Hopp believes Toronto needs more VFH
Because 85,000 VFH are not enough to completely annihilate the Wheelchair Accessible program?

Toronto media is beyond ironic this week. First, the CBC covered the fact that 98 of Beck Taxi’s 100 wheelchair accessible vehicles will be off the road this year.
Then, the Star does a1500-word interview with newly-arrived rideshare operator Hopp GM David Riggs and manages never to mention the word “accessible” even once. Apparently, Hopp is working to become IPO-ready and probably expanding to gridlocked Toronto could help with that effort.
It’s nice of Toronto to sacrifice its own poverty-stricken Vehicle for Hire drivers AND passengers with disabilities to help Hopp with its Initial Public Offering (IPO).
Rideshare killed Toronto’s on-demand Wheelchair Accessible Vehicle (WAV) Program. Industry warned staff and politicians for a decade that this would happen, and it has happened.

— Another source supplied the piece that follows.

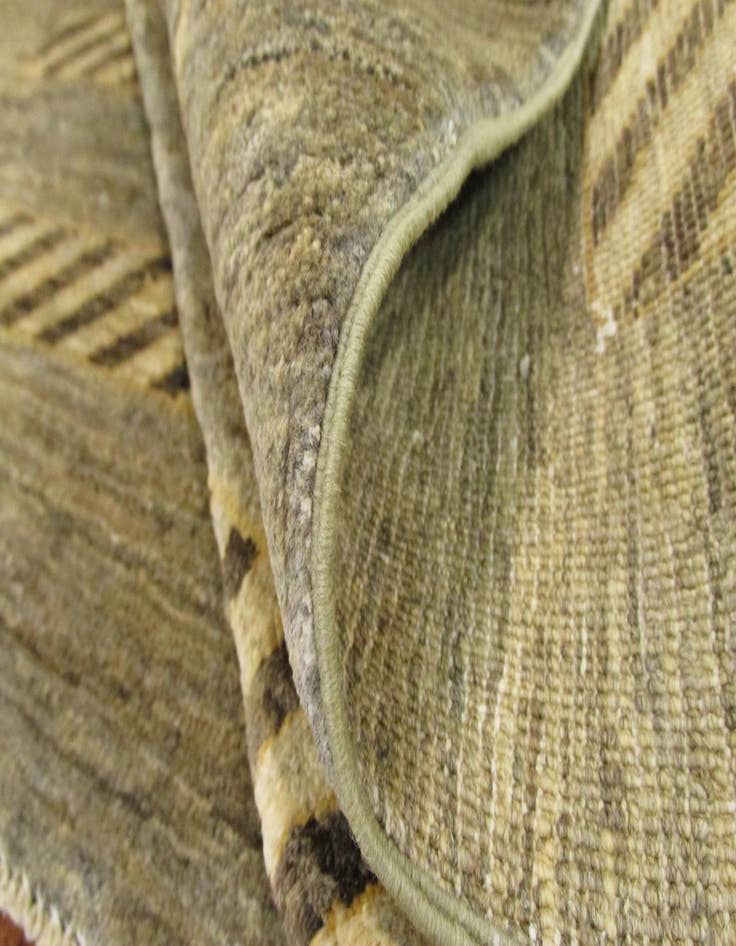 Detail image of  3' 11 x 5' 10  Hand Knotted Modern Ziegler Oriental Rug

This is terribly sad news for all of the members of the community of the disabled community who had hoped on-demand accessible service would exist by now. It doesn’t, and it won’t, so long as there are 85,000 plus Vehicles for Hire fighting over every scrap of business in the city.
Few, if any, drivers can afford to buy, convert, insure, and maintain a WAV. Staff told stakeholders at last year’s VFH review that “Uber and Lyft have, between them, maybe one accessible vehicle.”
Toronto has NO PLAN to fix this problem; truthfully, I tell you from my heart, they don’t even understand the problem.
During last years’ VFH Review, when it became blatantly obvious that L&S staff have absolutely no grasp of the Law of Supply and Demand, I offered to hire and pay a business school professor to deliver a short workshop on the concept. I was told such a thing could not occur because it would be considered lobbying. We are in real trouble when universally-accepted, helpful, factual information is considered “lobbying.” It’s better to base important public policy on absolute nonsense, I guess.
So, here we are. The last creaky, wobbly, wheezy “buckets of bolts” Wheelchair Accessible Vans are rolling toward the final possible moment of their roadworthy usefulness (no matter how many two month extensions Toronto grants in a panic) and there is nothing to replace them. Toronto’s grant program will not solve the problem; per-trip fees will not solve the problem, SO LONG AS THERE IS NO CAP ON THE NUMBER OF VEHICLES FOR HIRE ON THE ROADS.
But hey, Hopp, welcome to Toronto. Hope the expansion helps with your IPO. Meanwhile, how many Wheelchair Accessible Vans will you be running?